高級部位、牛タンのブロックを味わう
焼肉屋さんに行くと必ず一皿はオーダーするのが、この牛タン。言わずと知れた牛の舌のことです。
今回は安堂畜産直営・肉のこーべや玖珂店で購入した「国産牛肉タンブロック」を使って料理します。
このブロックは既に表皮と下の部分のスジが切り落とされた状態。それをタテに半分に切った半身です。だから、包丁持って皮と格闘することも要らず、下処理はほとんどなしでした。

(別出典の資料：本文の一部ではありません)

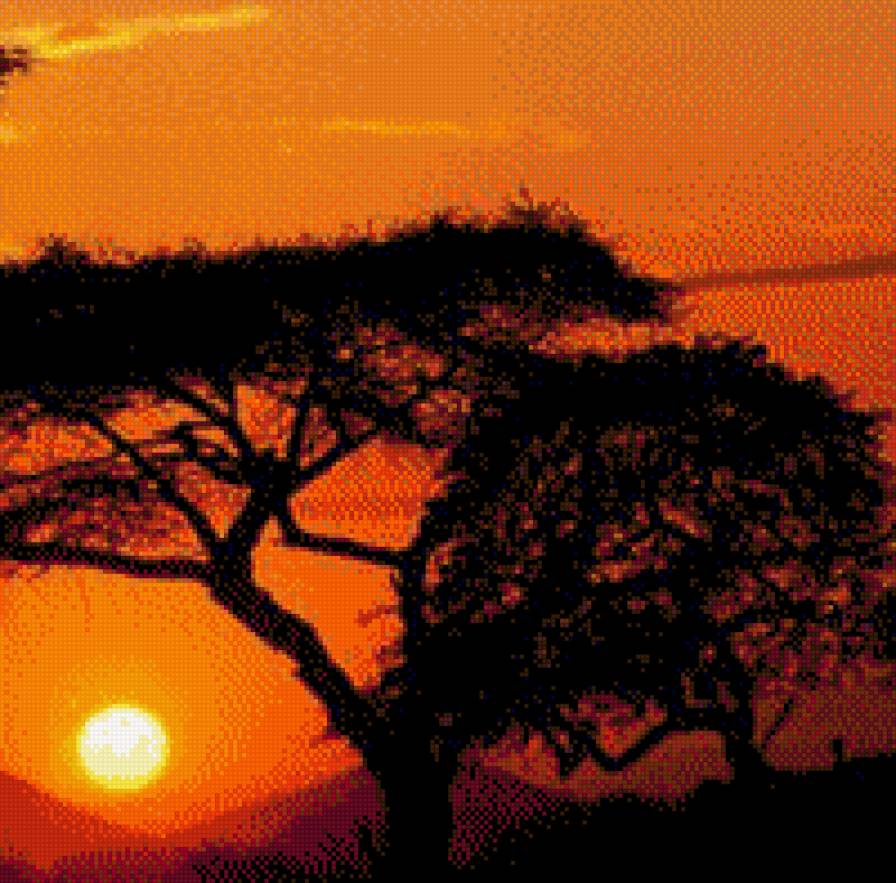 Триптих правп сторона - закат - предпросмотр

ただし、焼肉屋さんでも価格高めの貴重部位。半身ブロックでも100g当たり約850円(記者購入時)という高価なお肉です。「失敗はできないな」という緊張感がありました。ちなみに、牛一頭からとれるタンは1kgくらい。今回の半身は590gほどとやや大きめでした。
タンにも色々あるのです
安堂光明会長(安堂グループ)によると、牛タンには黒タンと白タンがあるとのことです。
取材で牛を見ることは多い記者ですが、舌の色までは意識して見たことはありません。
「黒いのは黒毛和牛のタンでね。料理屋に収めることが多くて店頭にはなかなか…」。
黒タンの方が、味が良くて、その分お値段も高そうです。
もう一つ、安堂会長から授かった豆知識を披露します。
タンは根本の方からタン元、タン中、タン先と呼び名が分かれるそうです。なかでもタン元は下の付け根のところだから、肉厚で脂がのるところです。舌の先とは違ってあまり動かないからだそうです。

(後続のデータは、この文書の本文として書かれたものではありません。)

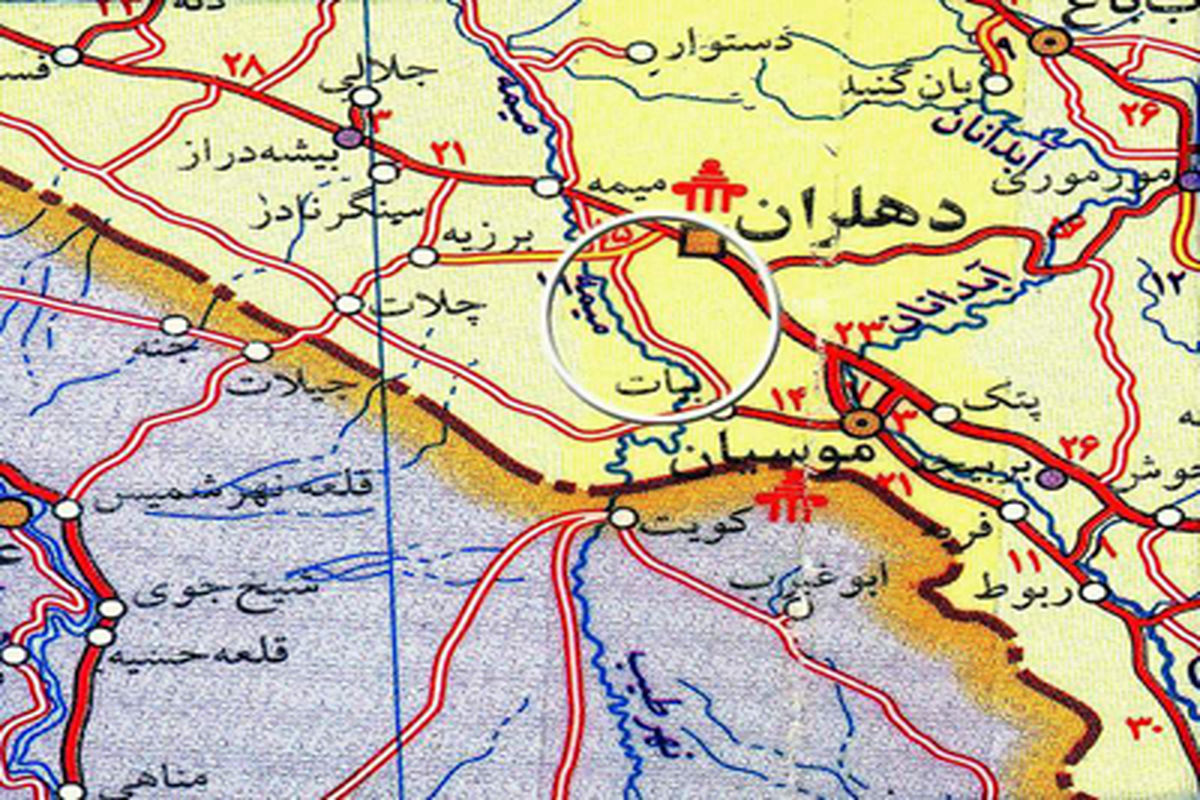 ارتقای دهلران به فرمانداری ویژه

牛タンにちなんで、安堂会長はこんな話を聞かせてくれました。
会長が若かりし頃のこと、宮崎の市場に肉牛を仕入れに出掛けて、ある焼肉店に入りました。
食事をしていると、近くの席に見たことのあるオヤジさんが腰かけました。市場で顔見知りの卸業者(兵庫県)です。
オヤジさんは店員を呼び寄せると、こう切り出しました。
「タンの根本ばっかりを出してくれ」。
途端に店員さんは困った顔になりました。
「根本だけというのは、たくさんはありませんからね。…難しいです」。
すると、オヤジさんは大きな声になって
「わしは根本しか食べん。他のは硬いからな。とにかく、根本ばっかりを持ってきてくれ」。

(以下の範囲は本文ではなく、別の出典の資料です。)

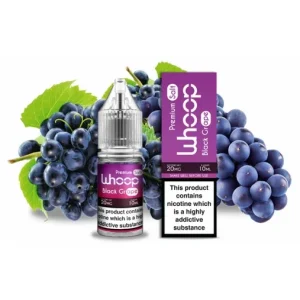 Black Grape 20mg 10ml Whoop Salt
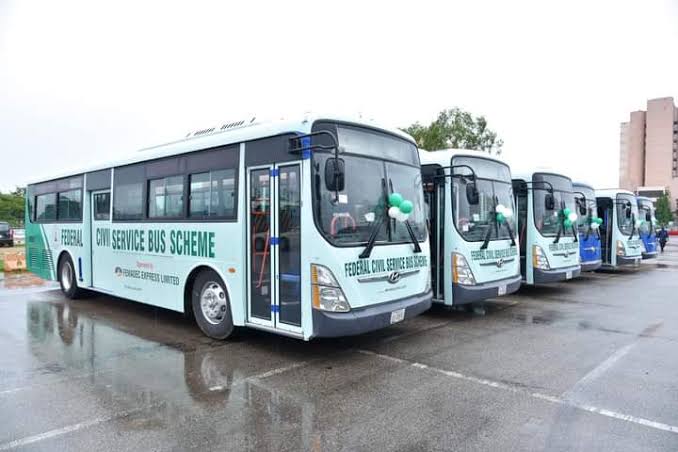 NigeriaStories's tweet photo. JUST IN: President Bola Tinubu has  approved free transportation services nationwide from December 20th to January 5th. https://t.co/rZAm0zIv88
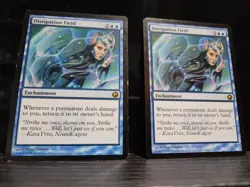 MTG Dissipation Field x2 - Scars of Mirrodin - Lightly Played/Reg English - Image 1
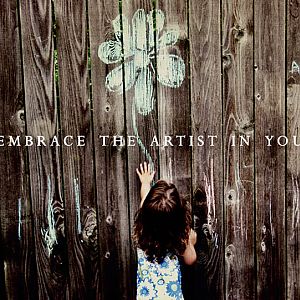 embrace the artist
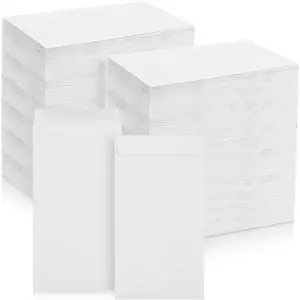 #7 1000 Pack Money Envelopes for Cash Self-adhesive 28lb Thick Coin Envelopes 3-1/2" x 6-1/2" - Privacy Envelope for Budget, Wedding Gifts, Seed Storage & Receipts(White,7) #7 1000 Pack Money Envelopes for Cash Self-adhesive 28lb Thick Coin Envelopes 3-1/2" x 6-1/2" - Privacy Envelope for Budget, Wedding Gifts, Seed Storage & Receipts(White,7)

渋々引き下がった店員は、タン元ばかりを持ってきて、オヤジさんはご満悦だったそうです。
定番、焼肉でいただきます。
まずはタン中を焼肉にすることにしました。焼肉屋で出て来るように、3mmくらいの薄めに切りました。さらには、高級な焼肉屋で出て来る6mmくらいの厚めに切ったもの。こちらには、隠し包丁を入れました。
さらに、塩レモンだれ(白ネギ、にんにく、レモン汁、ごま油、塩、黒コショウ)を作って焼肉に載せて食べるようにしました。
薄切りはさっと焼いて、厚切りは少し時間をかけて…。
厚切りの隠し包丁の切り口が開き、肉汁がじわっと染み出て、思わず唾を飲みこみました。
さすがタン中です。少し硬さが残るのかとおもいきや、厚切りでもとても柔らかくてジューシーな仕上がりでした。
塩だれに付けて食せば、一層美味しさが増したのでした。
後でタン先も焼肉にして比べてみたところ、こちらはやはり硬い。同じ一本の舌でも場所によってこんなにも違うのかと驚きました。
タン元もステーキでいただく
タン中でこれだけ柔らかいのなら、タン元はいったいどうなるのか。兵庫のオヤジさんがこだわったタン元を今度はステーキでいただくことにしました。
1cm以上の厚みに切り、柔らかい食感と熱が通りやすいように隠し包丁を入れました。グラム単価を考えると、1枚原価1,500円は下らない高級ステーキです。
フライパンに少しお酒を入れてフタをして蒸し焼きにすることで、焦がすことなく熱を通すことにしました。
中火でだいたい1分半くらい。さらに裏返して1分半。最後にフタをとって強火で焼き目を付けたら完成。少し冷ました方が柔らかいようです。
よく切れる包丁を使ったせいで隠し包丁が入り過ぎた感じはありますが、我ながらとっても美味しそうにできました。
満を持して実食すると、口のなかで溶けるような柔らかい食感。脂がしつこいかと思いきや、割とあっさりしていて、うま味が口いっぱいに広がりました。
塩とコショウだけでいただくのをお薦めします。そのものの美味しさがよくわかります。
硬い肉質のタン先はタンシチューで!
余ったタン先をグツグツ煮込んでタンシチューにしてみました。味の決め手はお手軽デミグラスソース缶なので、味付けの失敗はないはずです。しかし、肉質を柔らかくするために1時間半~2時間煮込みます。その時に焦がさないように、たまにお湯を足す必要がありました。もし、圧力鍋を使えば随分と時短になるはずです。
焼肉ではとても硬かったタン先ですが、煮込んだシチューならスプーンで切れるほど柔らかくなりました。お味も濃厚で、ご飯やパンが進む絶品シチューになりました。
特別な日にぜひ牛タン・ブロックを!
ちょっと財布に余裕があるとか、今日は大切なお客様がいらっしゃるとか、そんなときには、ぜひ牛タンのブロックをお求めください。
タン元は自分好みの厚さに切ってステーキや焼き肉で至福の時間を過ごせます。残ったお肉は時間をかけてタンシチューにしましょう。
不思議なものでブロックのときには、あの牛の大きな舌をちょっと思い出していた記者でしたが、食べるときにはそんな画はまったく浮かんできません。ただひたすらに、「タンって美味しいよね」と言いながら胃袋を満たしたのでした。
なお、普段から色々な部位が店頭にある安堂畜産直営・肉のこーべや玖珂店でも、牛タン・ブロックはある時とない時があります。事前に店頭で頼んでおくと、取り置いてくれるので便利です。
では、未知なる部位と料理を求めて、牛肉珍味の旅は続きます。